Fossil fuel divestment slows climate change, puts WWU on right side of history

San Francisco recently divested from fossil fuels, as did Oslo, Norway. These two international cities stand with hundreds of communities, churches, associations, foundations, universities and individuals as testaments to making a bold choice to stop funding the known primary cause of climate change.

The Western Washington University Foundation has also been presented with the opportunity to divest from fossil fuels, thanks to the leadership of Western’s conscientious Associated Students board and student body. While the foundation decided to not take this positive action last fall, the issue remains as crucial as ever and students continue to advocate for divestment.

Our university president has said that divestment is a diversion from the real issue at hand. Yes, divestment is a statement and primarily a symbolic act, but symbolism has profound effects. It is not a diversion to take a stand by joining with others to collectively define this symbolic act, because together these acts not only alter the conversation, they can serve as catalysts for essential and practical change. So yes, like Rosa Parks sitting down on a bus, let us with a singular statement put Western on the right side of history and contribute to the fight against fossil fuel driven climate change.

However, we do respectfully disagree that divestment from fossil fuels is at odds with the foundation’s mission of raising money. Western must be clear that our efforts, words and financial considerations align with our values. We would not invest in companies discriminating against part of our populace or trading in violence. Can we deny that investing in the fossil fuel industry is anything less than tacit concurrence with destroying the very environment that sustains life? Can we fulfill our commitment to the highest standards of integrity, honesty and truth-seeking while profiting from an industry whose allies have been persuasively shown to have worked to undermine climate science and public literacy?

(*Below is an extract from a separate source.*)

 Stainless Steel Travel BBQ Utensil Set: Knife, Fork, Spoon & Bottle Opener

We have faith in our colleagues at Western Washington University, including the foundation to stop funding and aligning with the primary cause of climate change. We are confident in their ability to utilize this opportunity to link Western to directions and values that are intrinsic to a forward-thinking institution, an innovative state and a healthy society.

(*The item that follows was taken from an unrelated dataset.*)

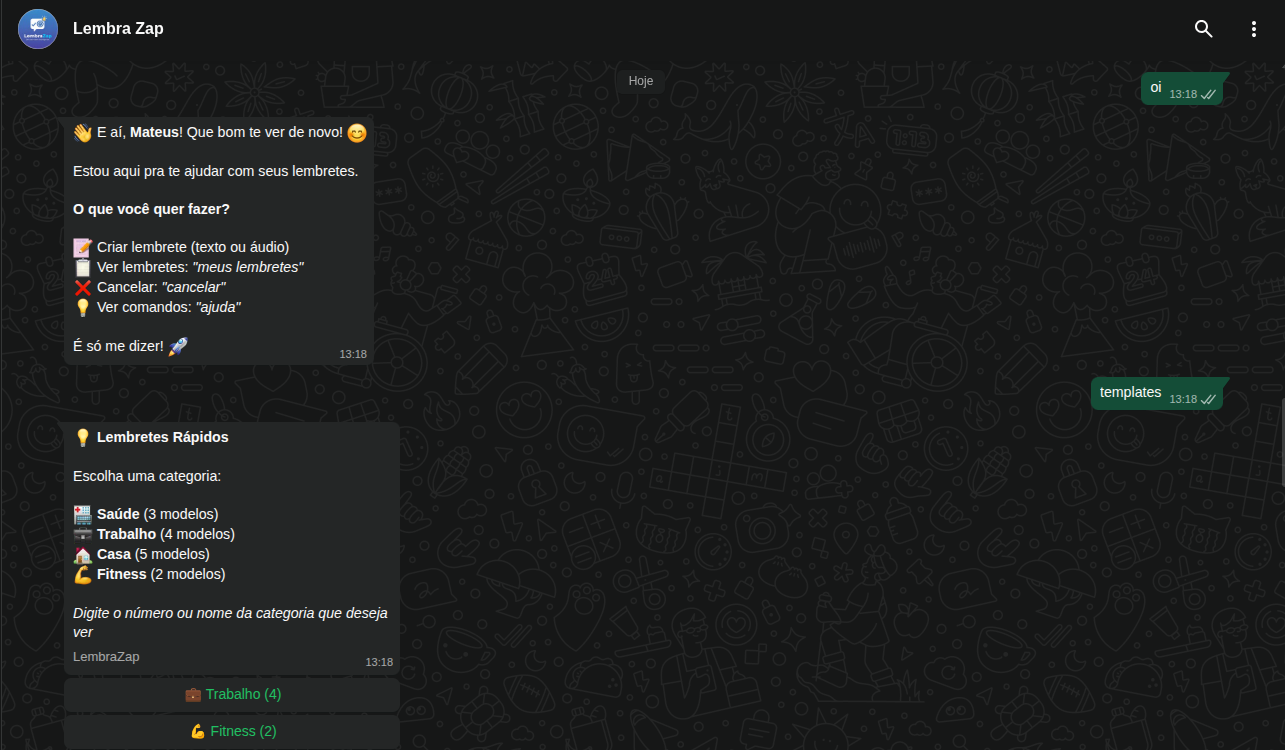 LembraZap - AI-Powered Whats Reminders - Main screenshot showing features and interface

Opting to not take a stand is effectively a choice for the status quo. Evidence of the relationship between human activity and global climate chaos is incontrovertible. Taking no action is neither a feasible nor an ethical option.

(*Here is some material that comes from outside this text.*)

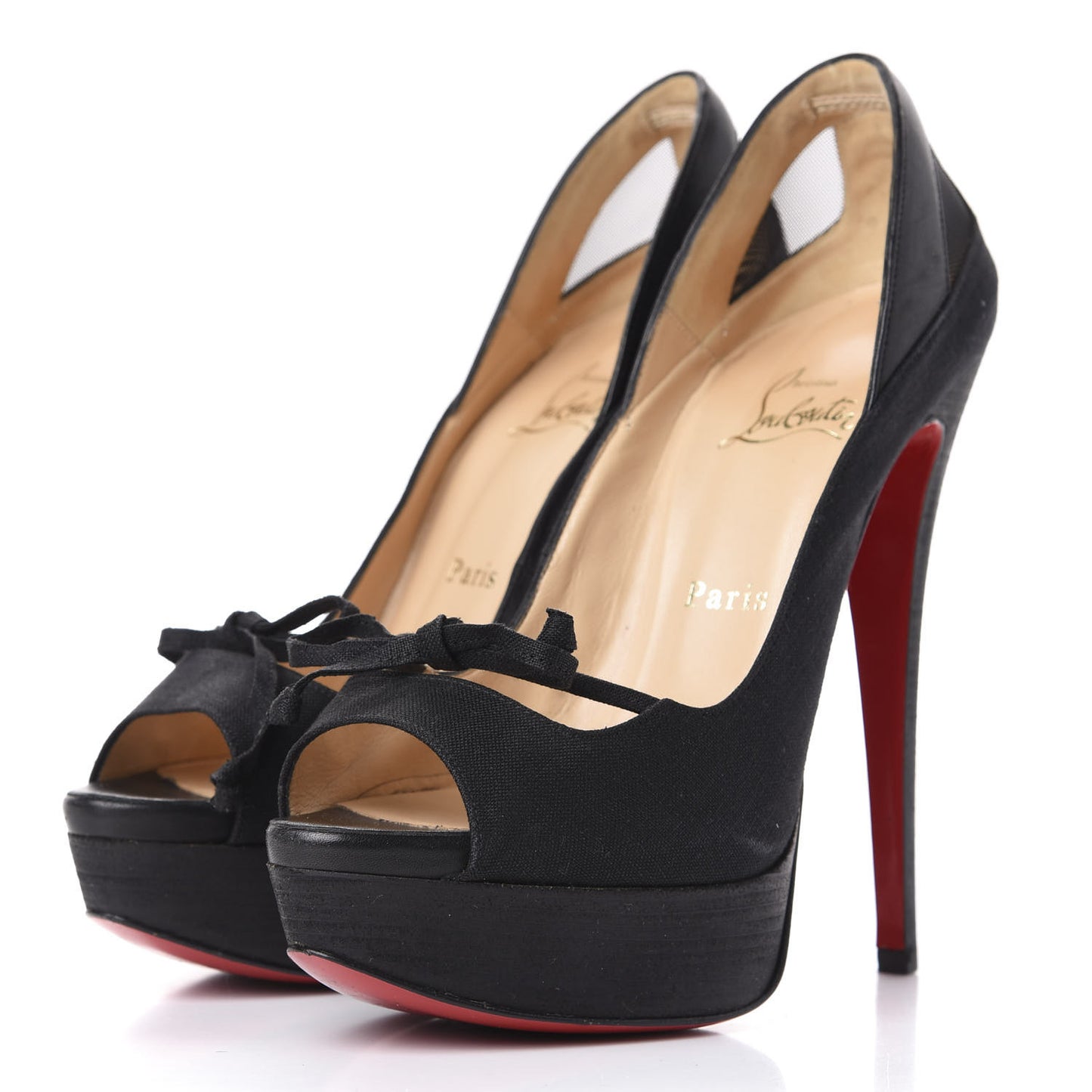 Crelino Calfskin Maleva 150 Peep Toe Platform Pumps 38.5 Black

People everywhere, in groups and personally, are coming to realize the moral magnitude of the moment. So where does Western stand at this point in history?

The etiology of the term “university” conveys appreciation for the power inherent in multiple perspectives and interconnections, drawn together holistically and collaboratively. Wise principles and practices emerge best through shared commitment to the common good. Having planet and posterity as our priorities is essential. That, ultimately, is what divestment from fossil fuels and re-investment in sustainable and sensible alternatives is all about.

As a university, we claim to prepare individuals for a life of purpose and positive change. Western’s reputation is grounded in our commitment to providing students with the most empirically sound and ethically responsible education possible. By supporting divestment we support students, and best ensure their right to a healthy future. Divesting from fossil fuels is ultimately an investment in hope.